PTC Therapeutics, in partnership with Roche and the SMA Foundation, recently announced new results from their ongoing Phase 2 trial of RG7800, a small molecule splicing modifier for SMA. The presentation was made at last week’s World Muscle Congress in the United Kingdom.
Results from the first cohort of patients enrolled in the Phase 2 ‘MOONFISH’ trial evaluating oral RG7800, a small molecule modifier of Survival Motor Neuron 2 (SMN2) splicing, were highlighted in a late breaking oral session. The presentation is titled “SMN2 splicing modifier RG7800 increases SMN protein in first study in SMA patients.”
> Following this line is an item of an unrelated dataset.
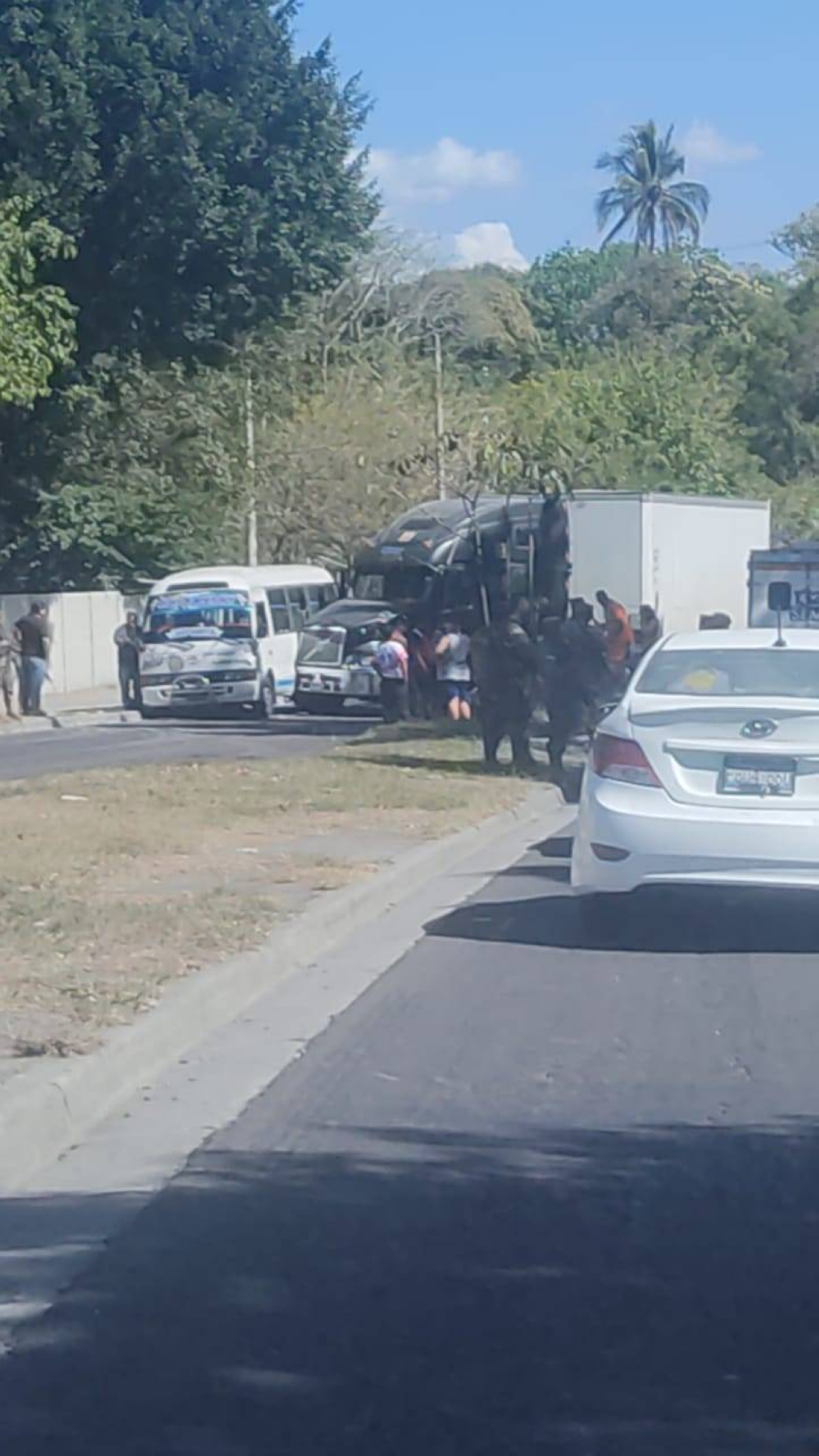 Accidente entre una rastra, un microbús y un carro sedan. / Cortesía.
“We have now demonstrated, in two independent studies, that treatment with RG7800 shifts SMN2 splicing toward the production of full length SMN mRNA. Most importantly, in the MOONFISH trial we also observed relevant increases in SMN protein levels in whole blood in patients with SMA,” said Stuart W. Peltz, Ph.D., Chief Executive Officer, PTC Therapeutics, Inc. “This is important because a two-fold increase of SMN protein levels has the potential to provide meaningful clinical benefit to SMA patients. SMA is a devastating disease with no marketed therapies currently available, and we remain focused on developing an oral therapy for the treatment of this disorder.”
MOONFISH is a Phase 2 randomized, double-blind, placebo-controlled study investigating the safety, tolerability, pharmacokinetics and pharmacodynamics of RG7800 with a target enrollment of approximately 64 adult and pediatric patients with SMA. Results from the first cohort that included 13 adult and adolescent SMA patients demonstrated that SMN protein can be increased with RG7800, providing proof of mechanism for oral small molecule SMN2 splicing modifiers. Up to three-fold increases in the ratio of full length SMN2 mRNA to SMN2Δ7 mRNA and up to two-fold increases in SMN protein were observed versus baseline, as measured in whole blood. RG7800 was well tolerated over 12 weeks at a dose of 10 mg once daily.
Dosing in the Phase 2 MOONFISH trial was suspended in April 2015 as a precautionary measure, while a non-clinical safety finding observed in a longer-term animal study is investigated. The company will provide the community with an update on the Moonfish trial and their SMN2 splicing modifier program by the end of this year, at the latest.